Agency of the Government of Japan

The Ministry of International Trade and Industry (通商産業省, Tsūshō-sangyō-shō) was a ministry of the Government of Japan from 1949 to 2001. The MITI was one of the most powerful government agencies in Japan and, at the height of its influence, effectively ran much of Japanese industrial policy, funding research and directing investment. In 2001, MITI was merged with other agencies during the Central Government Reform to form the newly created Ministry of Economy, Trade and Industry (METI).

== Pre-MITI Industrial Agencies ==
As a part of Western-style reforms after the Meiji Restoration, the Japanese government founded a Ministry of Agriculture and Commerce. Due to the surge in exports and economic activity of World War I in 1918, the Imperial Diet began to debate splitting the ministries so that they could more effectively control the economy. The long economic recession following the war eventually saw the Imperial Diet decide to split the two ministries into a Ministry of Agriculture and Forestry and a Ministry of Commerce and Industry, respectively in 1925.

MCI administered the Important Industries Control Act of 1931, which allowed Japanese industries to form cartels to fix export prices and efficiently organize among themselves. By the mid-1930s, MCI was one of the most powerful economic actors in the country, with the 1938 National General Mobilization Law giving them sweeping authorities to control resources, capital, wages, and labor. In 1943 in the midst of World War II, MCI transformed into the Munitions Ministry.

After the Japanese surrender in August 1945, the Munitions Ministry reorganized itself back into MCI to avoid scrutiny from the Americans. The ensuing allied occupation of Japan surprisingly saw little change come to the economic bureaucracy of MCI.

==History==
MITI was created with the split of the Ministry of Commerce and Industry in May 1949 and given the mission for coordinating international trade policy with other groups, such as the Bank of Japan, the Economic Planning Agency, and the various commerce-related cabinet ministries. At the time it was created, Japan was still recovering from the economic disaster of World War II. With inflation rising and productivity failing to keep up, the government sought a better mechanism for reviving the Japanese economy.

MITI has been responsible not only in the areas of exports and imports but also for all domestic industries and businesses not specifically covered by other ministries in the areas of investment in plant and equipment, pollution control, energy and power, some aspects of foreign economic assistance, and consumer complaints. This span has allowed MITI to integrate conflicting policies, such as those on pollution control and export competitiveness, to minimize damage to export industries.

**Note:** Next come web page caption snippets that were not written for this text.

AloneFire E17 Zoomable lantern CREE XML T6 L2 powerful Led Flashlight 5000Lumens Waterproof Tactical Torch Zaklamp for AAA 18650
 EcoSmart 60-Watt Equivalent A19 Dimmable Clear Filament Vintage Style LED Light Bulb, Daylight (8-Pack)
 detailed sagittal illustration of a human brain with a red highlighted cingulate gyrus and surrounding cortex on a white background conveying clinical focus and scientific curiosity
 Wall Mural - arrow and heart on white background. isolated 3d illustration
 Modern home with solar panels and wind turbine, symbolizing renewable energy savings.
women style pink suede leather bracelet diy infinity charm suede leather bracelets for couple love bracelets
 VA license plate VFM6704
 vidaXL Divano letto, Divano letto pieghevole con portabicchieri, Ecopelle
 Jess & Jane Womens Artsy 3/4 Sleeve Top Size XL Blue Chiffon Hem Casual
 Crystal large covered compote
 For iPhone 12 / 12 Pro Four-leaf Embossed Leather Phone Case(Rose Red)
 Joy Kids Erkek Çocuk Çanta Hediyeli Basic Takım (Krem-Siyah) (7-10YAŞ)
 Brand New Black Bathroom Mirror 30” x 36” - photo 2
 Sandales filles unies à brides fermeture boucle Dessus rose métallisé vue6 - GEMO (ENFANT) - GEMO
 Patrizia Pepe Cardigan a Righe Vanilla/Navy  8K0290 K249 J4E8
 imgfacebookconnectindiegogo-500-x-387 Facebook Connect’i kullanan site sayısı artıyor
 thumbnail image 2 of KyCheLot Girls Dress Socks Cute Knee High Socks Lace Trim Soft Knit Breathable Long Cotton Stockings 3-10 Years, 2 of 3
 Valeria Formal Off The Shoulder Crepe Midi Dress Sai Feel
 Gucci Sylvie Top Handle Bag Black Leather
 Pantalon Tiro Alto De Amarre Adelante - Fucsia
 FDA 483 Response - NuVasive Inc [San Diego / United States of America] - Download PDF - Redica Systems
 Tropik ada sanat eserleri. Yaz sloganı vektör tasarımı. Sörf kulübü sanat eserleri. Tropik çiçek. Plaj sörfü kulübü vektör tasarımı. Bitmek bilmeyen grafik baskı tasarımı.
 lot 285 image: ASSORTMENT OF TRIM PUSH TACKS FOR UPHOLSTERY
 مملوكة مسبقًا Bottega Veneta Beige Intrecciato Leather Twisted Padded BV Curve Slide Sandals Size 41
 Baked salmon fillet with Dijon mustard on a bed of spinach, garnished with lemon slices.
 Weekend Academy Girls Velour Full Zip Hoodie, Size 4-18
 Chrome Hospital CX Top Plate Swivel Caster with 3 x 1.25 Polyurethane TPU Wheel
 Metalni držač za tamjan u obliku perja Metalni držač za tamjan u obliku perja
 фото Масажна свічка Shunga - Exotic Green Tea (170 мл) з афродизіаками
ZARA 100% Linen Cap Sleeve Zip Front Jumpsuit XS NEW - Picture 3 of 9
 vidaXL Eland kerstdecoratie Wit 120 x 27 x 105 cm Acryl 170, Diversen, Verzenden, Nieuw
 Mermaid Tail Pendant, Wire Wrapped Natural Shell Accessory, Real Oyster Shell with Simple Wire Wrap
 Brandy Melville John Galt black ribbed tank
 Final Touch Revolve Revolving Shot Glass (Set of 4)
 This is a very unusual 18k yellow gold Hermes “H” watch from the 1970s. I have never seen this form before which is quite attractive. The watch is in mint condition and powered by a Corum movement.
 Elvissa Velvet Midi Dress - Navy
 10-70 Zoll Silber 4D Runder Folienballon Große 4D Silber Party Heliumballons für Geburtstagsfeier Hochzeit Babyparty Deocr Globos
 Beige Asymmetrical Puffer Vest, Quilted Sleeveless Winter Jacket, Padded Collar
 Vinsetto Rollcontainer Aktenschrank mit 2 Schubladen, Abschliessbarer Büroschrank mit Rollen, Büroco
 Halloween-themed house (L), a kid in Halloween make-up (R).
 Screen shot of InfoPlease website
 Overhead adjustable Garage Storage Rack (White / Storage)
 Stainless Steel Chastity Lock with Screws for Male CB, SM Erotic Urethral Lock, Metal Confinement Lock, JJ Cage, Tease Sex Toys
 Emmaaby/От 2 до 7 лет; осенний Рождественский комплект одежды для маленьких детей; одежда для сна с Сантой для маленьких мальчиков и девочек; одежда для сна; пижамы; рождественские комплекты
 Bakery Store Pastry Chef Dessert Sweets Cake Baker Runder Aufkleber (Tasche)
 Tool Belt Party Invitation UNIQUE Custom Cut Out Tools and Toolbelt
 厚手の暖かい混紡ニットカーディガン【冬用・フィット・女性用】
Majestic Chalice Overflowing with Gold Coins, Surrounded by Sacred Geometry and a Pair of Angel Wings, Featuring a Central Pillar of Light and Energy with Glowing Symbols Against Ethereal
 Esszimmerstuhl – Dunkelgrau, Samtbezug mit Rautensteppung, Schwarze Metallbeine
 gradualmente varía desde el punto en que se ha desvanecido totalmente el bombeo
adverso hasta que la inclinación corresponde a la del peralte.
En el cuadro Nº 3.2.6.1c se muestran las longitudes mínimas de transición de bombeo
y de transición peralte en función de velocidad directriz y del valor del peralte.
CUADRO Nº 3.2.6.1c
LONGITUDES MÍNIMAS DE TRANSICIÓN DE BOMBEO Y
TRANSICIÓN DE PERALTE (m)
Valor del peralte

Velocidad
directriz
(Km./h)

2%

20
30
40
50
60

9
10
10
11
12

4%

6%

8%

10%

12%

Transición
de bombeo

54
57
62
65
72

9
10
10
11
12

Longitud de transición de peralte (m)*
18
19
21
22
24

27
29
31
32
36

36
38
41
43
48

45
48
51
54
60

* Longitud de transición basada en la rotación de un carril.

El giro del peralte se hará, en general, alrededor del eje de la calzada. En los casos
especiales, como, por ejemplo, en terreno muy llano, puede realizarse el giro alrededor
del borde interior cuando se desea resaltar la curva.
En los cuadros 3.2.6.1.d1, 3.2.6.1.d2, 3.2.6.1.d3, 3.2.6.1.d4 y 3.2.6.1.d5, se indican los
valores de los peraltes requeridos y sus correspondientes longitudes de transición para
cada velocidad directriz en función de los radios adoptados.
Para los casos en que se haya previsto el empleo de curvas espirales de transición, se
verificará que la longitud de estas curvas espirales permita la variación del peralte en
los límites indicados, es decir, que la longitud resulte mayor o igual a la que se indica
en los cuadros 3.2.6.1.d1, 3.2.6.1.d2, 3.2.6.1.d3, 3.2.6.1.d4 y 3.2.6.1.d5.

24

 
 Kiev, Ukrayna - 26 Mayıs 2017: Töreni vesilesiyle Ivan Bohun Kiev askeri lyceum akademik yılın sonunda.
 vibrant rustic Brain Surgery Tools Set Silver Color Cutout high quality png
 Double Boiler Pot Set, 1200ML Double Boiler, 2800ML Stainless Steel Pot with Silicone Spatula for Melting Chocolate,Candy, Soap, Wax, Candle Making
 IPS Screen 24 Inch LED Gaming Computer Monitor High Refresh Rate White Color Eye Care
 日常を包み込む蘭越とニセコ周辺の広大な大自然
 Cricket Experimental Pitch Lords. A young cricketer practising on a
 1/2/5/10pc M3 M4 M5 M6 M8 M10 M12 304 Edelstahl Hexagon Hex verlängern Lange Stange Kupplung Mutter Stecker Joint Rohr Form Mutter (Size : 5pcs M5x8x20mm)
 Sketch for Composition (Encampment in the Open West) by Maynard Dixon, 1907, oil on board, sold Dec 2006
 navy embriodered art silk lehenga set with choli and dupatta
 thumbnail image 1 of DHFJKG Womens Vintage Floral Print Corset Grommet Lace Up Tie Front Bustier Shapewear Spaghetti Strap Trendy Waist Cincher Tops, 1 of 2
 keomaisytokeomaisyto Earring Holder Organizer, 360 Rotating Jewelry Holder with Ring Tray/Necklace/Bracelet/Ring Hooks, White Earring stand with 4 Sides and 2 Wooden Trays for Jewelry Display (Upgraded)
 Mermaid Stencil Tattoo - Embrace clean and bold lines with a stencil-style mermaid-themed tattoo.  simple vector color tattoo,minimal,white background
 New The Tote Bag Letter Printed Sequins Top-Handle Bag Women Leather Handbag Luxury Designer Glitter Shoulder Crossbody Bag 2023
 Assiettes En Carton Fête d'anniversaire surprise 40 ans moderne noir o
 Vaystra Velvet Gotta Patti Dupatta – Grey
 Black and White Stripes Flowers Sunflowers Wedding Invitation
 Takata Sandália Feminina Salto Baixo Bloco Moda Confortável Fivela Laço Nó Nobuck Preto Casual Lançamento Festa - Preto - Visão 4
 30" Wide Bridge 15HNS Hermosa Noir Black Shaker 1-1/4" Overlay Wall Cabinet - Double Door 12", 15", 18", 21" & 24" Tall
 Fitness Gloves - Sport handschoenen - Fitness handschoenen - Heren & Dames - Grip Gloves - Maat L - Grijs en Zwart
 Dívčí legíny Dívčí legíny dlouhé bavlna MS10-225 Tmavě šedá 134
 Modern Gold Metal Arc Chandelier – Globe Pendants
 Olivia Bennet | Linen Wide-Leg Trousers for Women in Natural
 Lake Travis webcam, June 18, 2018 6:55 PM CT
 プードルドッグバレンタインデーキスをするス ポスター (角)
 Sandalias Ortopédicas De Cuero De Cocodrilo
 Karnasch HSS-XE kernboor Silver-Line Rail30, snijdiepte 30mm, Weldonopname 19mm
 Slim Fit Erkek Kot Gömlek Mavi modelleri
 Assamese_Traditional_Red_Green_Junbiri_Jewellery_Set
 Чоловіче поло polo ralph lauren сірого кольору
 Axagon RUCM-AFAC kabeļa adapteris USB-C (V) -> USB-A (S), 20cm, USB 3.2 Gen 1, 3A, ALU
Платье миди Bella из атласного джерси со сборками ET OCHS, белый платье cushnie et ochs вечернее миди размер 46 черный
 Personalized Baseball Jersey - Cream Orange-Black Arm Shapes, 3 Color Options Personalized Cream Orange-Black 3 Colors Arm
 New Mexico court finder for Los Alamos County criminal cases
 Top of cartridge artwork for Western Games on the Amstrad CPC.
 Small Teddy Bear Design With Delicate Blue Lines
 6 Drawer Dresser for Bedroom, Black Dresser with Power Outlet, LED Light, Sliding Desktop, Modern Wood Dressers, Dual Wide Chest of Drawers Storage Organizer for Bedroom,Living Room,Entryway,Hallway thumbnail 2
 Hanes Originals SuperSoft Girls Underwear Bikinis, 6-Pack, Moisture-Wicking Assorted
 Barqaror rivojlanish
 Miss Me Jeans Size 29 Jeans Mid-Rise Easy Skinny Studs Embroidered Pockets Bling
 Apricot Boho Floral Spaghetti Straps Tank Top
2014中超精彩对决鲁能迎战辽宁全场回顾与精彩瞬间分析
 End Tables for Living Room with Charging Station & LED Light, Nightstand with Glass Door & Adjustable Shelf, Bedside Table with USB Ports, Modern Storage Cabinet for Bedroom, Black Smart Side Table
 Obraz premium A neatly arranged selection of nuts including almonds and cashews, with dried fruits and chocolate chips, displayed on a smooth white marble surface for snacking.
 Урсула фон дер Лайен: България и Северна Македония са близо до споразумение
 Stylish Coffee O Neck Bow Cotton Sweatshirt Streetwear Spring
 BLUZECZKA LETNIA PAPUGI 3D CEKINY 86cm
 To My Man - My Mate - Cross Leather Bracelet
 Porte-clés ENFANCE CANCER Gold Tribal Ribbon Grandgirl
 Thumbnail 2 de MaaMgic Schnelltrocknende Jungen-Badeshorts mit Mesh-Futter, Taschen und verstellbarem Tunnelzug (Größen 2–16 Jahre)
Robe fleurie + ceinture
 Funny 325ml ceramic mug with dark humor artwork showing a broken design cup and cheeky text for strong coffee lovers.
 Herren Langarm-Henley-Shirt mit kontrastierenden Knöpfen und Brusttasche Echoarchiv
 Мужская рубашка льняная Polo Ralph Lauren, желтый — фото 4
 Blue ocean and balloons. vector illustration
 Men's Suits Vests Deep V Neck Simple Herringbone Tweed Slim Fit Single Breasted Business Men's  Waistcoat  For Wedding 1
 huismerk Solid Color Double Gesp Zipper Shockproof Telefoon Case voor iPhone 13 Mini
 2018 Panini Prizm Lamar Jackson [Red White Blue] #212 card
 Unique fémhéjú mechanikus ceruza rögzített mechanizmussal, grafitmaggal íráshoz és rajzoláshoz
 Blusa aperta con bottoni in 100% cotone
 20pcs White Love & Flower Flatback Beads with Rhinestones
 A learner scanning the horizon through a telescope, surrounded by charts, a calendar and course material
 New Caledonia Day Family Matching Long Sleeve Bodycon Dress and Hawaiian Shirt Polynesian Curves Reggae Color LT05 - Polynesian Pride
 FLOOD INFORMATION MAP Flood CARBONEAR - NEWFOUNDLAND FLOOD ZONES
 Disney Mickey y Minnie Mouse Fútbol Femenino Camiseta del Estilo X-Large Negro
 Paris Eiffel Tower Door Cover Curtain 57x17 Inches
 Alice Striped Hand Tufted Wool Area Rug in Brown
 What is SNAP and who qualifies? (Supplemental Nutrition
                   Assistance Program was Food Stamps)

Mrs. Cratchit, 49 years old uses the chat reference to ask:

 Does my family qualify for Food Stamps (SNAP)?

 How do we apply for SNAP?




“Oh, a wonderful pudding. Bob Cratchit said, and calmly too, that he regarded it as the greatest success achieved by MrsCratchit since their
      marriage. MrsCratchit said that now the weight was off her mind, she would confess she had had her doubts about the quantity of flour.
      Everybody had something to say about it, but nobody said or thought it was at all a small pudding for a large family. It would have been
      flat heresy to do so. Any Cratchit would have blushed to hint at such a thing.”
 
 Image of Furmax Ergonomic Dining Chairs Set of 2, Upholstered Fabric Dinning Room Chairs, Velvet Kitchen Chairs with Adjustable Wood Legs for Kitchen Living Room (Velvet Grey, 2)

MITI has served as an architect of industrial policy, an arbiter on industrial problems and disputes, and a regulator. A major objective of the ministry has been to strengthen the country's industrial base. It has not managed Japanese trade and industry along the lines of a centrally planned economy, but it has provided industries with administrative guidance and other direction, both formal and informal, on modernization, technology, investments in new plants and equipment, and domestic and foreign competition.

The close relationship between MITI and Japanese industry has led to foreign trade policy that often complements the ministry's efforts to strengthen domestic manufacturing interests. MITI facilitated the early development of nearly all major industries by providing protection from import competition, technological intelligence, help in licensing foreign technology, access to foreign exchange, and assistance in mergers.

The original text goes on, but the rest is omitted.